By Jill Colvin
DOWNTOWN — Governor-elect Andrew Cuomo and his successor as attorney general Eric Schneiderman are planning a comprehensive ethics reform agenda that will likely include an independent ethics watchdog and an independent prosecutor, Cuomo said after the pair's first official meeting Friday.
"The people in the state of New York are fed up and enough is enough," Cuomo told reporters gathered downtown in the ornate lobby of the attorney general’s New York City office.
"They want Albany cleaned up," Cuomo said. "That is the best way."
As the law currently stands, neither the attorney general’s office nor the inspector general’s office have the authority to independently launch investigations into Albany lawmakers. Cuomo said he plans to introduce the ethics reform during the first legislative session.
Cuomo also reiterated that he is 100 percent against plans to hold the trials of Khalid Sheik Mohammad and four other alleged 9/11 terrorists in New York and said he would use his clout in Washington to fight it.

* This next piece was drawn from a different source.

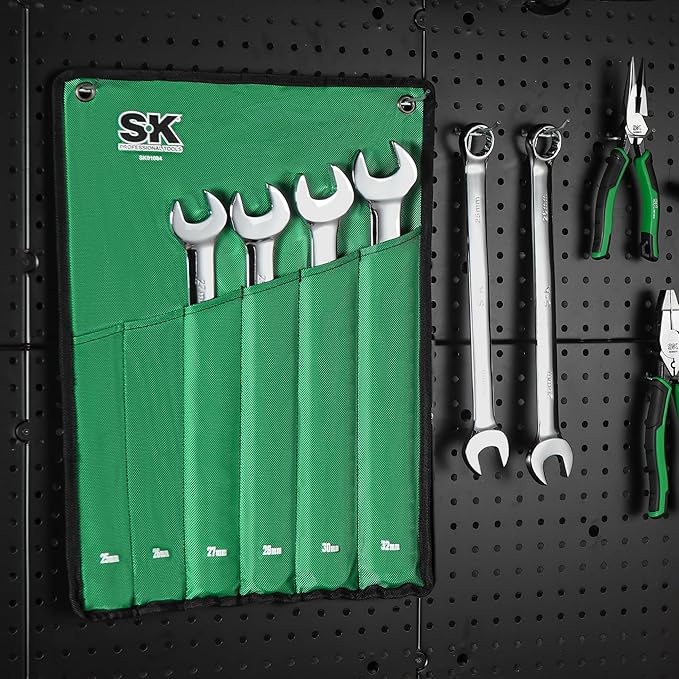 SK Long Pattern Combination Wrench Set, Metric 25 to 32mm, 6-Piece, SuperKrome Finish, Premium CR-V Construction, with Rolling Pouch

"I know the people in the federal government," he said, highlighting his work with U.S. Attorney General Eric Holder in the Clinton administration.
"I will advocate, forcefully, for our position," he said.

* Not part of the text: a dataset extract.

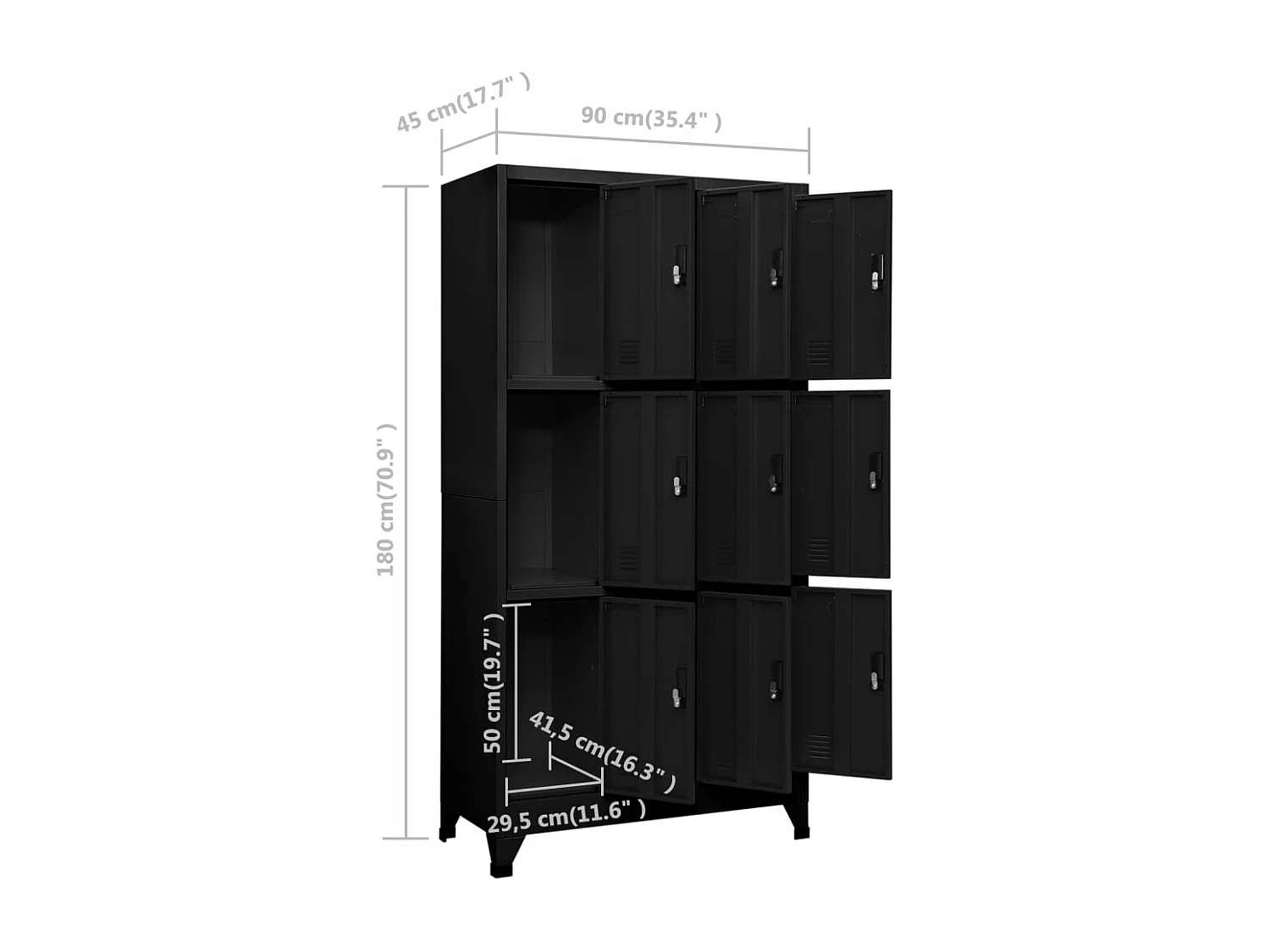 Armoire à casiers Noir 90x45x180 cm Acier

Schneiderman dutifully backed Cuomo's stance.
The meeting of the two men — their first since the election — lasted about 45 minutes, Cuomo spokesman Josh Vlasto said. The two discussed the office, priority cases, personnel, and other details, Cuomo said. He also praised his successor.

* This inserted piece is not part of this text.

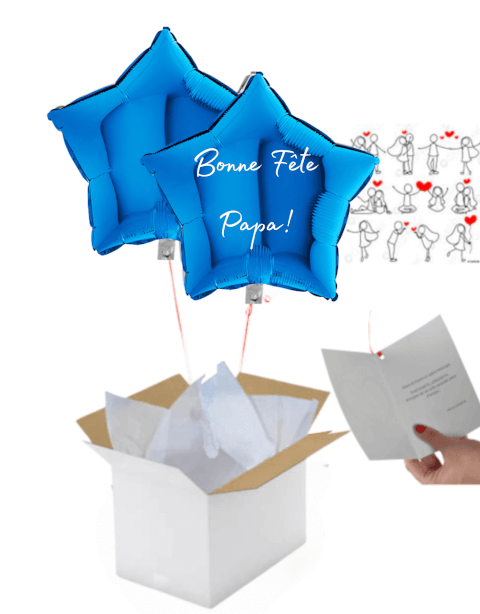 Bouquet de Ballons étoiles "Bonne fête Papa"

"I think he’s going to be an outstanding attorney general. I look forward to working with him," Cuomo said.
Schneiderman, who seemed tired after moths of hard campaigning, had fewer words.
"As someone who is going to be representing you for a long time, I’m very pleased to see how circumspect you are," Schneiderman said simply to Cuomo.
He added that he is "just starting the process" of getting up to speed on the office, but intends to follow in Cuomo's footsteps.